Why I Don’t Ask, “How are you doing” Anymore

I beg

I’ve stopped asking average Ghanaians how they are doing.  (“Average” refers to waiters, cooks, cleaners and people of that ilk.) Every time I’ve asked, I receive a coded request for money.

  • “My grandmother just passed.  I have to go to a funeral this weekend in Kumasi,” the grounds keeper mentioned.  Normally, when you hear of such news you are expected to make a contribution to help with funeral arrangements.
  • “We’re managing… I haven’t been paid for 7 months,” replied a waiter at Bella Roma.  He then asked if I wanted to hire him.  My friend and I looked at each other and thought he was lying.  Who in their right mind goes to work for 7 months without pay?  I figured that he’s making money off of tips which probably covers his expenses.

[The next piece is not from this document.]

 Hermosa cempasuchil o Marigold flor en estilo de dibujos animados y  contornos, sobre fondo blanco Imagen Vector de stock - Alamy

Basically, any time I’ve asked the insincere American “How are you?”  I get some story about a sick family member, poor wages, rising costs, or funeral expenses.  I even heard tales of woe from my staff.  My most annoying sales lady asked for a “loan” because she had used most of her savings for a certificate/masters program.  Another lady wanted an advance for school fees.

For a while I was sympathetic and may give “something small.”  Now, I just don’t ask.  If I forget myself, then I will respond to the latest tale of woe by saying, “I’m just managing as well.”  That usually keeps them quiet.

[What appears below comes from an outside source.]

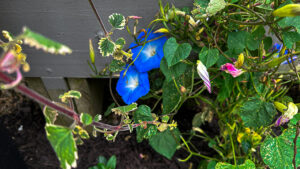 morning glory in bloom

A few weeks ago, I was waiting for a friend in his car.  A young boy of 8 or 9 saw me from at least 100 ft and walked up to my open window.  He made the universal sign for “I’m hungry” and “I beg.” His brashness put me off.  Instead of moving on, he just kept standing there.  So I moved the car down the road.  He walked to me and repeated his begging pose.  I moved the car again.  And again he followed.  At this point, my friend returned and he scolded the boy and was getting ready to smack him.  I convinced him to refrain from beating him and we went on our way.

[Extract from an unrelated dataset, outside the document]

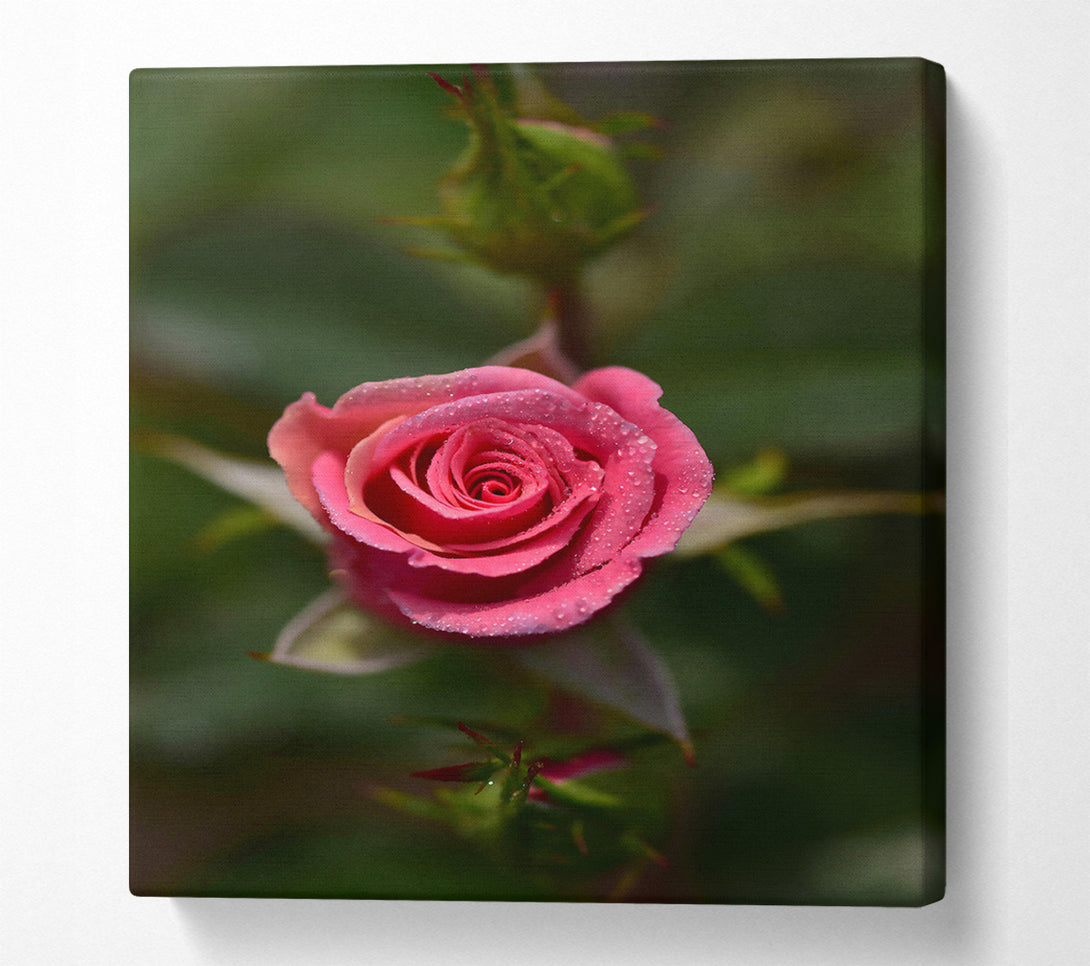  A Canvas Print of Pink Dewdrop Rose Canvas Art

This habit of asking for money is so common that I often wonder if these Ghanaians feel any shame in asking.  To be fair, I came across the same baksheesh culture when I was in Egypt.  (Some people there expect you to give them money without providing a service or good in return.)  Probably not.  In contrast, both Americans and East Asians would rather not ask for financial assistance unless it was absolutely necessary.  Actually for some people they would rather pretend that everything is fine than reveal any sign of weakness.  Obviously, I don’t live in that world.